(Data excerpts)
··········
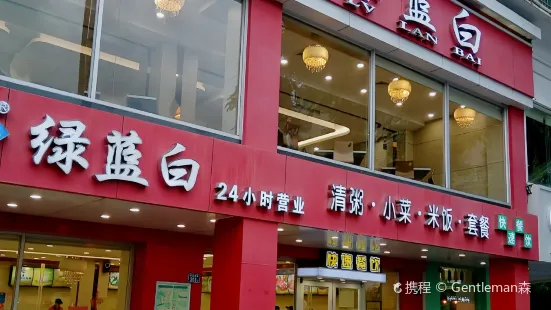 绿蓝白(东南店)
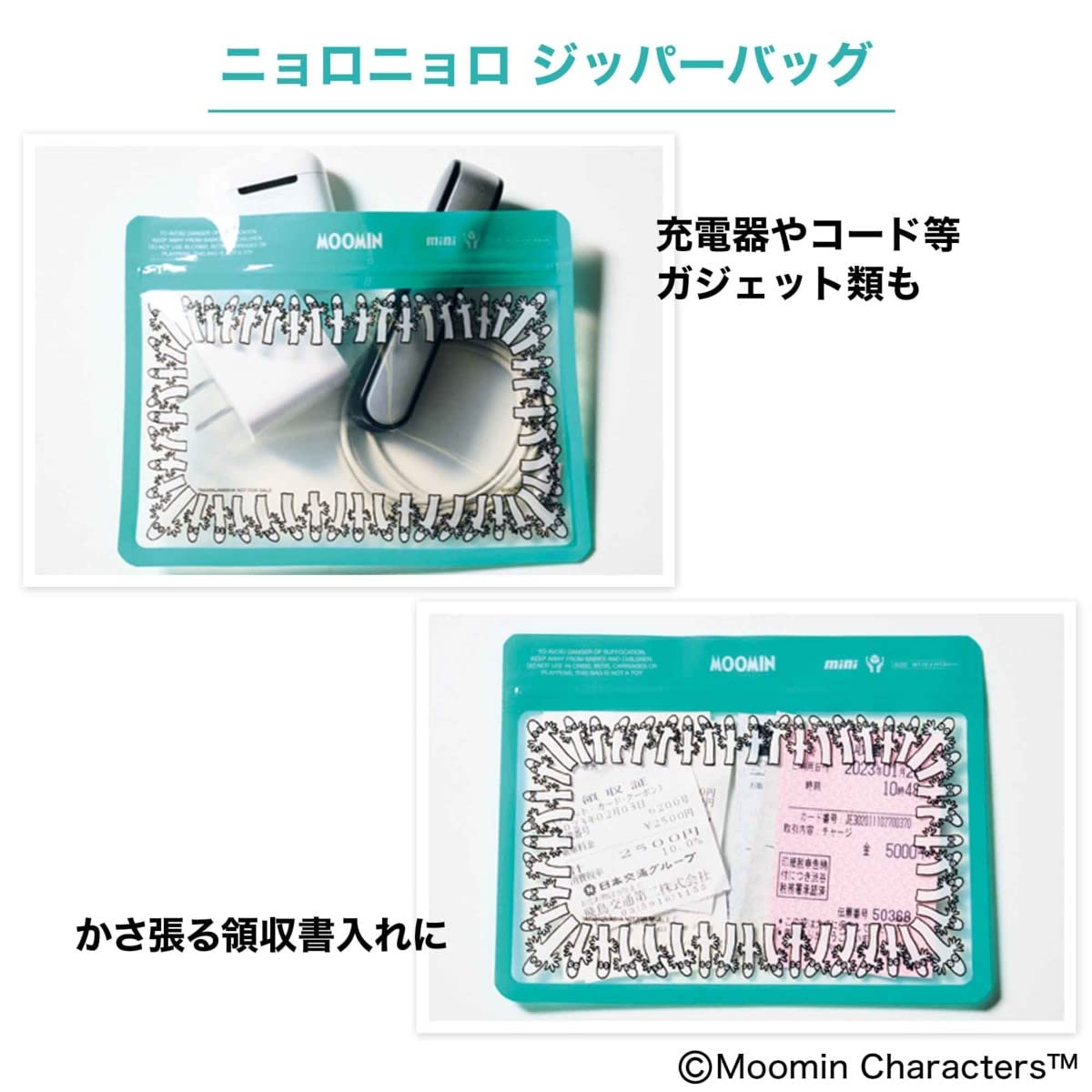 国内発送 mini』5月号はニョロニョロ＆リトルミイの豪華3点セットが付録 その他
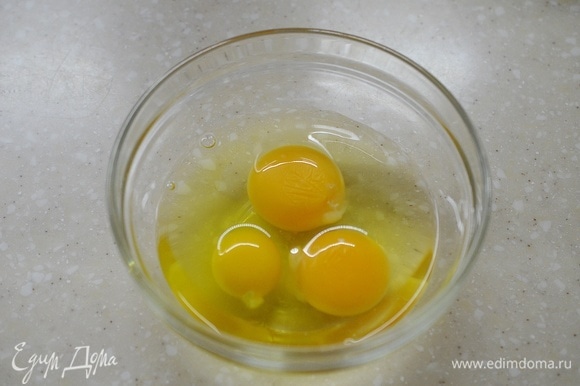 Пока жарятся фрикадельки, в отдельную миску вбейте яйца.
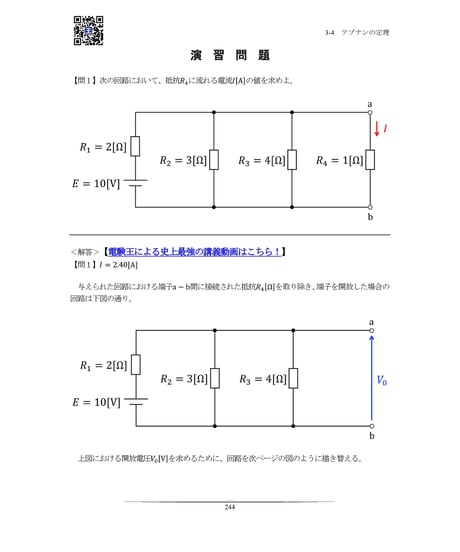 【電験３種】電験戦士教本～デンケンソルジャーズスペルブック～【直流回路】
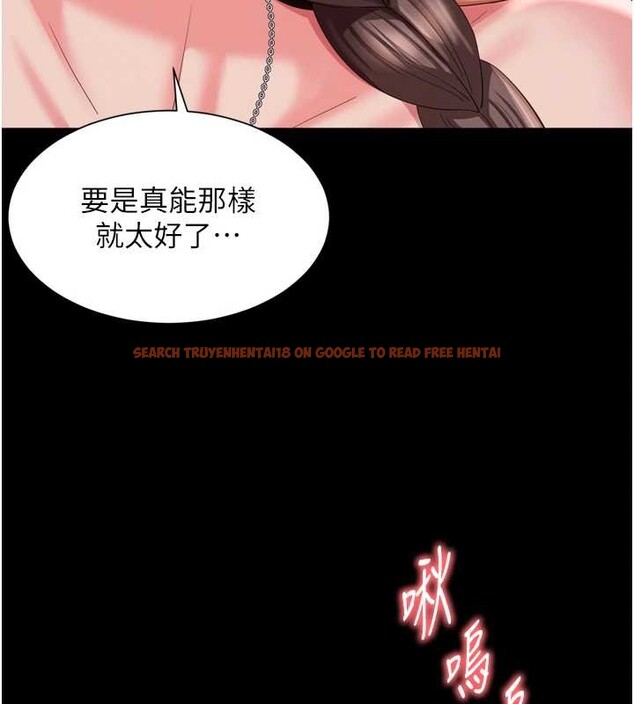 查看漫画越線諮詢 - 第12話-跟阿姨洗鴛鴦浴 - tymanga.com中的4365414图片 查看漫画越線諮詢 - 第12話-跟阿姨洗鴛鴦浴 - tymanga.com中的4365414图片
··········
When copying the records above, please match them exactly but leave out all pictures.

 绿蓝白(东南店)
 国内発送 mini』5月号はニョロニョロ＆リトルミイの豪華3点セットが付録 その他
 Пока жарятся фрикадельки, в отдельную миску вбейте яйца.
 【電験３種】電験戦士教本～デンケンソルジャーズスペルブック～【直流回路】
 查看漫画越線諮詢 - 第12話-跟阿姨洗鴛鴦浴 - tymanga.com中的4365414图片 查看漫画越線諮詢 - 第12話-跟阿姨洗鴛鴦浴 - tymanga.com中的4365414图片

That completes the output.